Restate all of the following data exactly, keeping any images out of the copy.
[Opening Source information section]
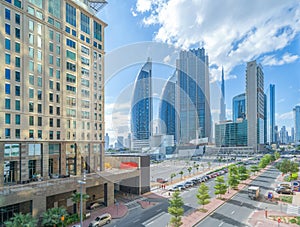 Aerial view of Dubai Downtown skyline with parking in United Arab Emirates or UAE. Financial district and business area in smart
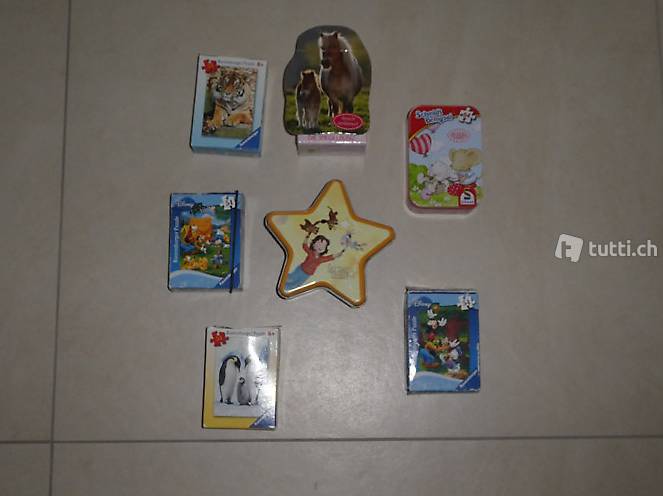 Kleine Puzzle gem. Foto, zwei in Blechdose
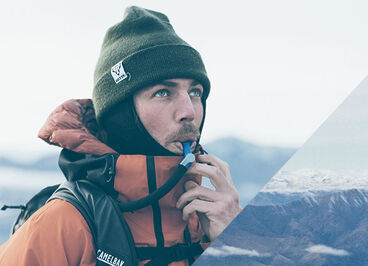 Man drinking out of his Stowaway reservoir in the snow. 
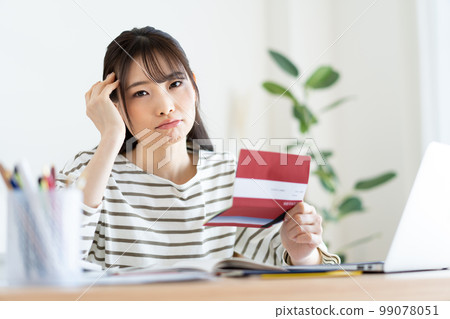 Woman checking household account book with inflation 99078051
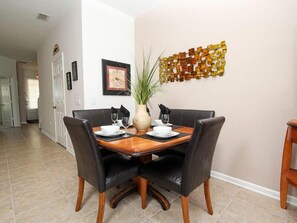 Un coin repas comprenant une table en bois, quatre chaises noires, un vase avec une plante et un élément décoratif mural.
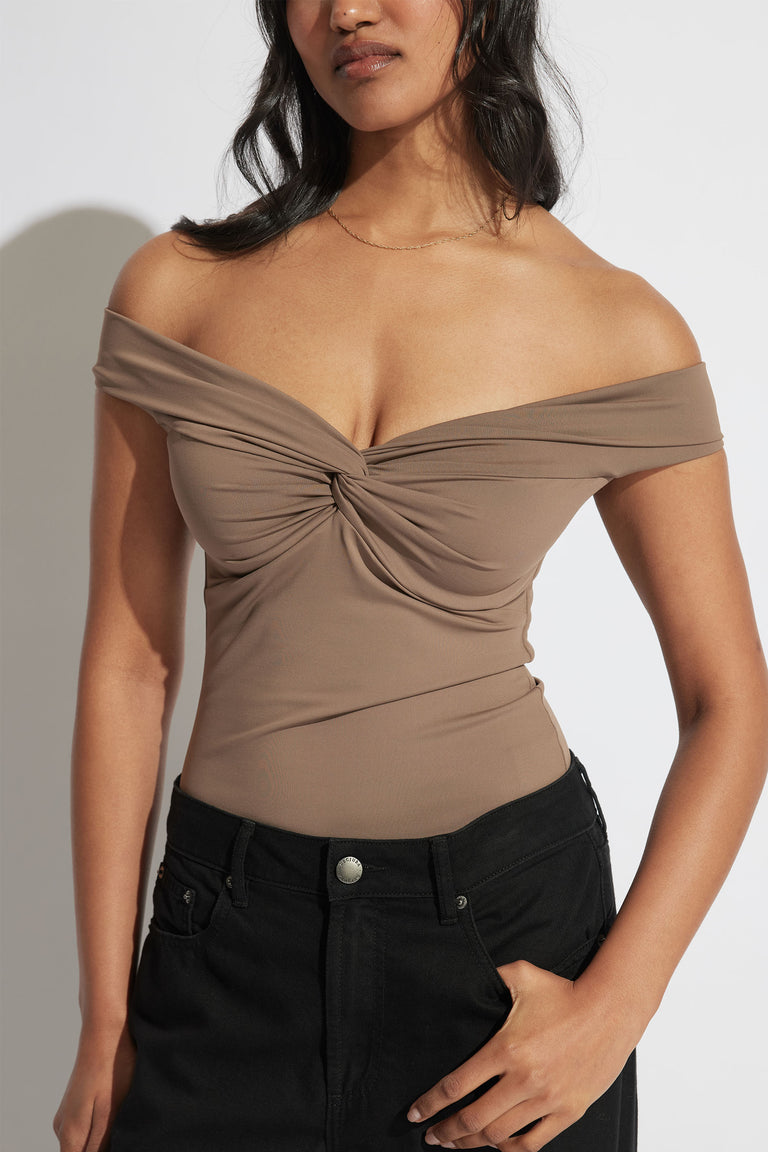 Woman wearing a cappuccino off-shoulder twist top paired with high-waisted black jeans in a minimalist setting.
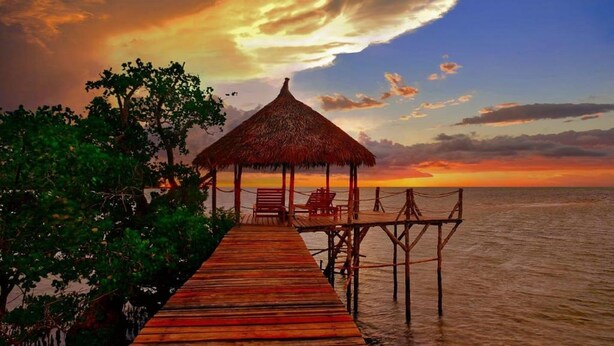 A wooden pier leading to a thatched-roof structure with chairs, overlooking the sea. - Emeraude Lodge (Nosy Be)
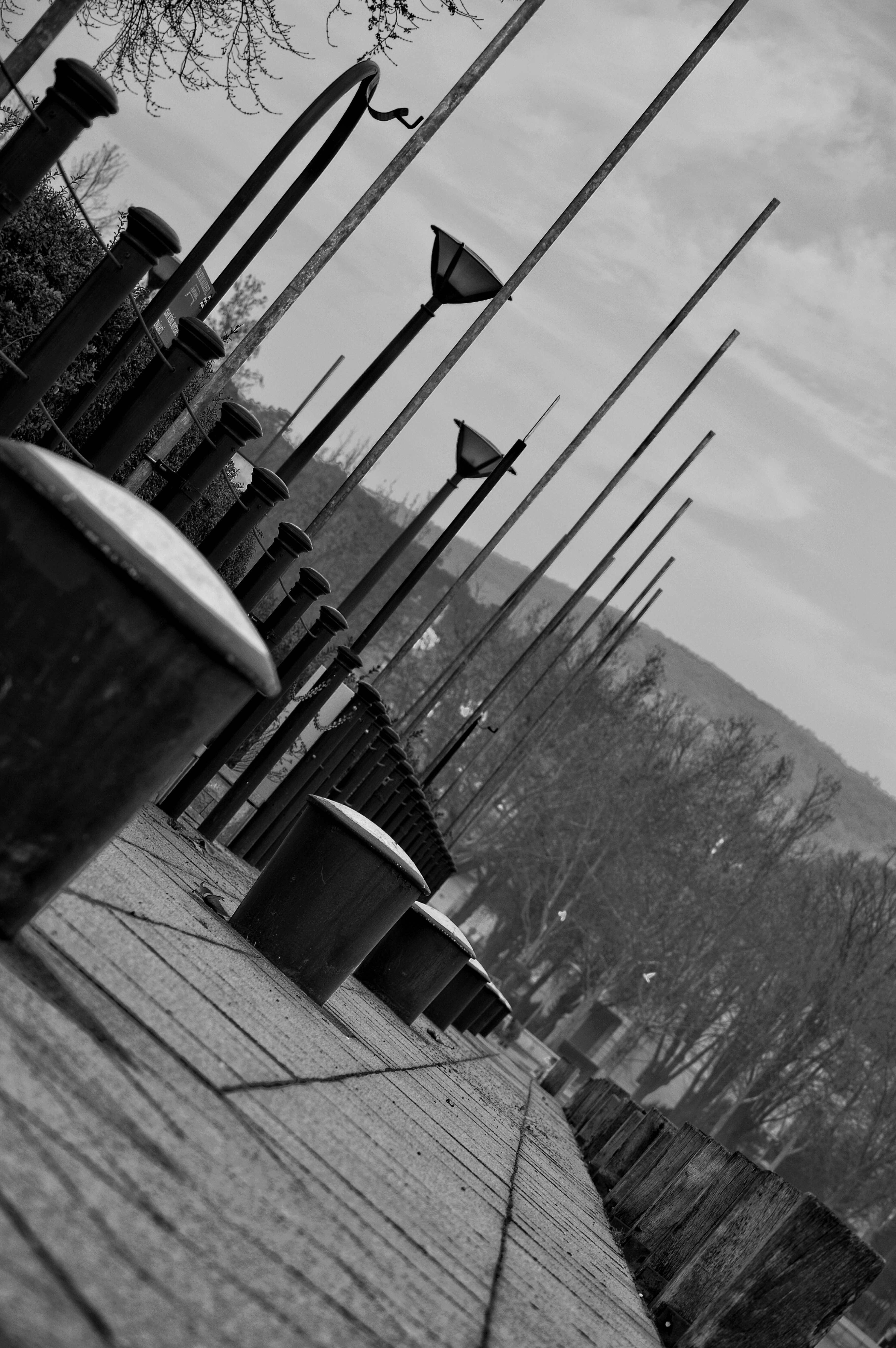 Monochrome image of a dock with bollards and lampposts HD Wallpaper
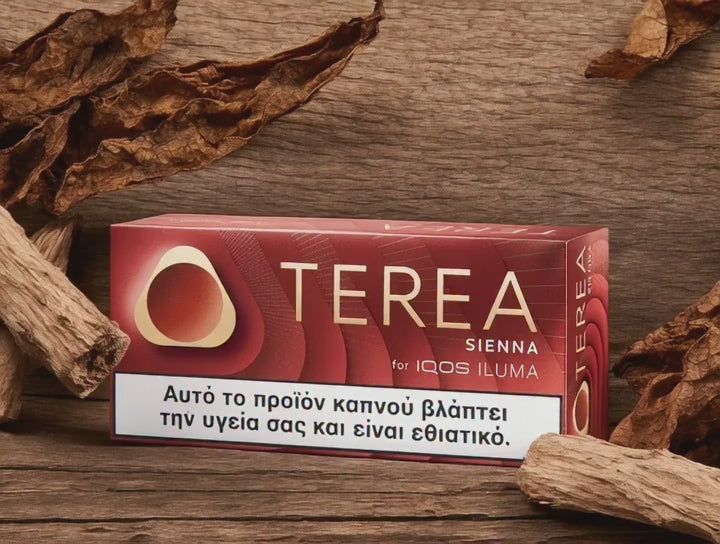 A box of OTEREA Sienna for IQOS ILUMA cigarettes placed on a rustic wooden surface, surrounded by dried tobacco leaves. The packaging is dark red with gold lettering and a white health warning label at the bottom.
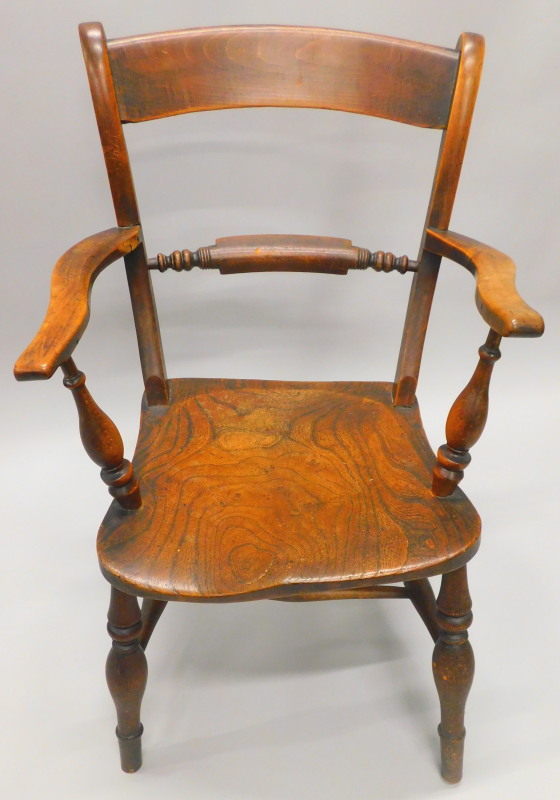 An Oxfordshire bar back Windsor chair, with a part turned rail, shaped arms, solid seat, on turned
[Closing Source information section]
Problem solution
 Aerial view of Dubai Downtown skyline with parking in United Arab Emirates or UAE. Financial district and business area in smart
 Kleine Puzzle gem. Foto, zwei in Blechdose
 Man drinking out of his Stowaway reservoir in the snow. 
 Woman checking household account book with inflation 99078051
 Un coin repas comprenant une table en bois, quatre chaises noires, un vase avec une plante et un élément décoratif mural.
 Woman wearing a cappuccino off-shoulder twist top paired with high-waisted black jeans in a minimalist setting.
 A wooden pier leading to a thatched-roof structure with chairs, overlooking the sea. - Emeraude Lodge (Nosy Be)
 Monochrome image of a dock with bollards and lampposts HD Wallpaper
 A box of OTEREA Sienna for IQOS ILUMA cigarettes placed on a rustic wooden surface, surrounded by dried tobacco leaves. The packaging is dark red with gold lettering and a white health warning label at the bottom.
 An Oxfordshire bar back Windsor chair, with a part turned rail, shaped arms, solid seat, on turned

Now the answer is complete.